Согласно конституции «Республики Заречье»:
— Каждый имеет право ошибаться;
— Каждый имеет право быть несчастным;
— Каждый имеет право ничего не понимать.
© Дмитрий Матвеев / Предоставлено фестивалем NET
Сцена из спектакля «На дне»
На OPENSPACE.RU эти ценности уже обсуждались, и анонимный автор комментария остроумно назвал единственную ценность, оставшуюся жизнеспособной, — ценность любой человеческой жизни, — «эвфемизмом страха смерти». В действительности такая прямота, приоткрыв любопытную парадоксальность новой этики, не уменьшила ее прав на существование.

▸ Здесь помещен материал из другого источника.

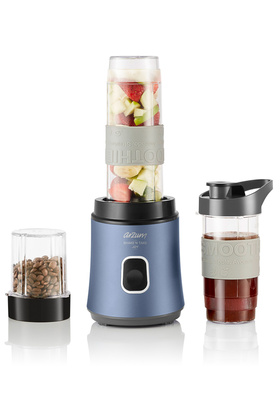 AR1101-O Shake'N Take Joy 600W Kişisel Smoothie Blender + Kahve Öğütücü – Okyanus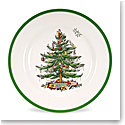 Spode Christmas Tree Dinner Plate, Single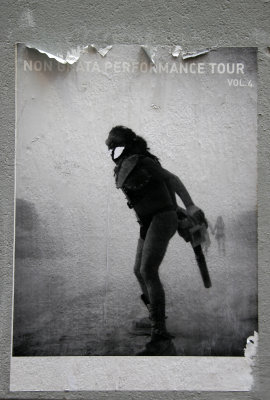 Non Grata Performance Tour Poster
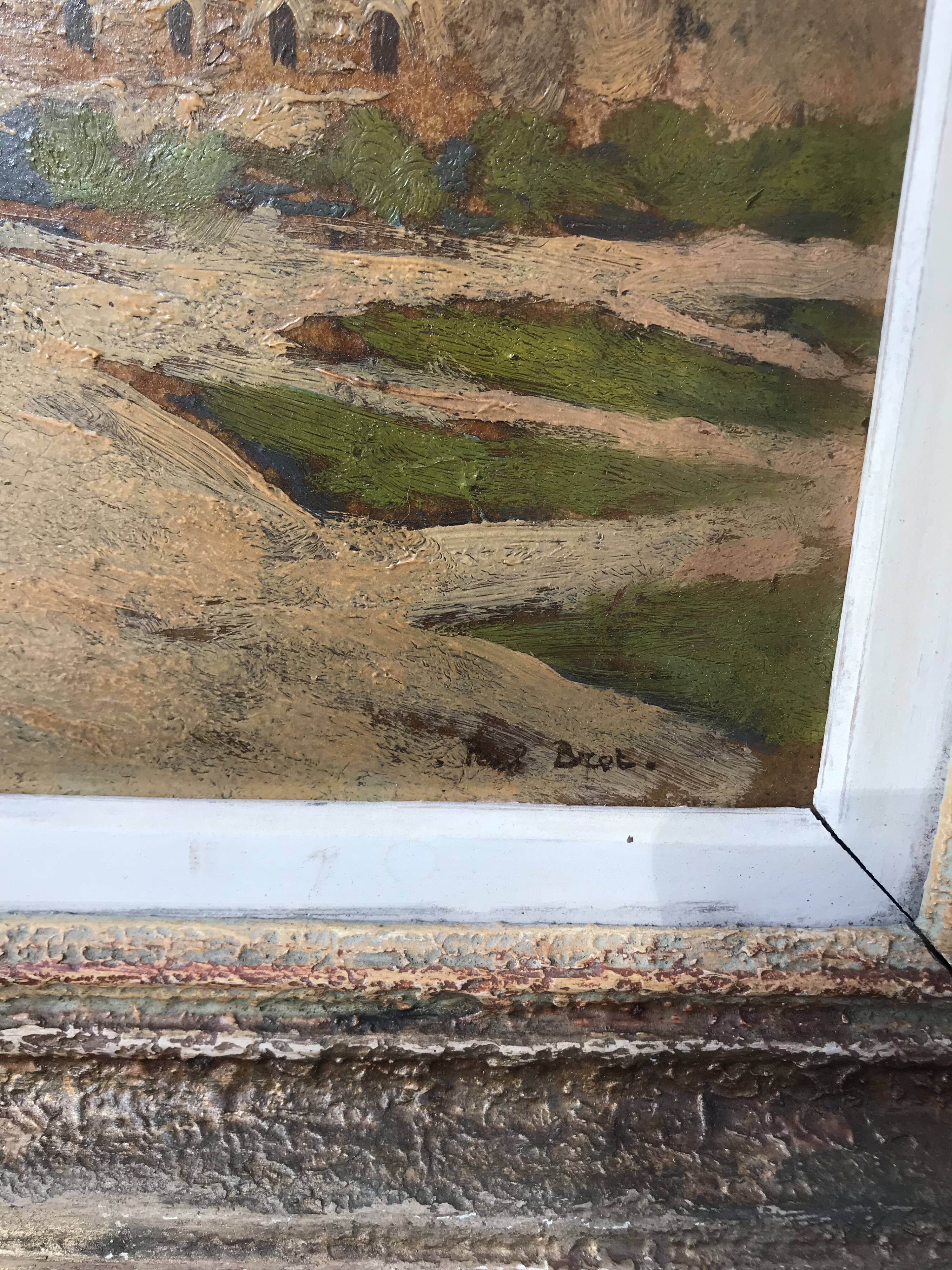 Painting by Paul Bret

Точка опоры найдена верно. Уважать страх смерти, боли, в случае Насти — страх одиночества, вообще уважать страх. Да или нет? Имеет ли человек право на страх и слабость? Смотрите — все упирается в выбор между правом и обязанностью.

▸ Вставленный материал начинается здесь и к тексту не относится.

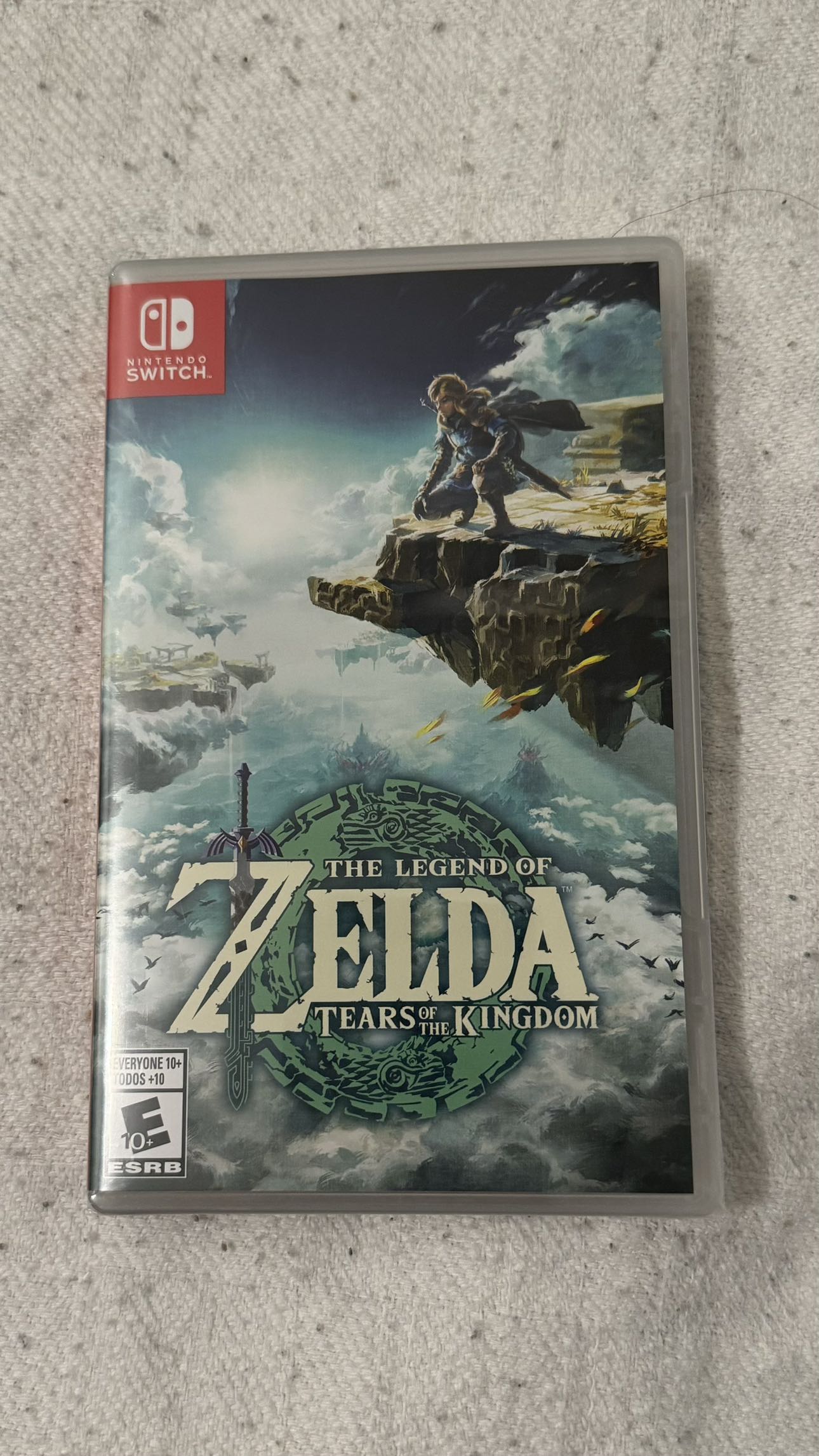 Sealed Brand New - The Legend Of Zelda Tears Of The Kingdom thumbnail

Дальше, по принципу полифонии, эта проблема разворачивается перед нами в совершенно ином ракурсе. Всепрощение Луки глушат слова Сатина-Гавенониса, жгучие, как водка, которую он предлагает вам пить «за человека» (кому-то из зрителей и впрямь придется выпить с Гавенонисом на брудершафт): «Человек — это звучит гордо! Я — арестант, убийца, шулер!» Оказывается, эти цитаты неотделимы друг от друга. Я горд, я свободен, поэтому я могу себе позволить не пожалеть ни другого, ни себя. Хватит жалеть, прощать, замалчивать. Плевать на все табу и комплексы. Вы же человеки, так не оправдывайте и не приукрашивайте никого, умейте сказать: «Он никто; я никто», «Он не будет счастлив; я не буду счастлив».
{-tsr-}Финальные слова спектакля звучат из уст уже умершего Актера, которому Коршуновас позволил после смерти стать уже не могильщиком, но Гамлетом. Погибнув, он карабкается под потолок, заставляя еще раз вспомнить и о «К.И.», и о белой лестнице Гинкаса. Душа висельника петляет среди громоздящихся завалов пластиковых коробок, теряясь в безóбразной кубистской массе. В черных руинах Эльсинора Актер декламирует монолог о Гекубе — безжалостные стихи, полные унизительной саморефлексии, презрения к себе свободного и прямого человека.
Страшно быть гордым.
Страшно быть честным.
Страшно быть свободным.
Каждый имеет право никого не жалеть — в том числе самого себя.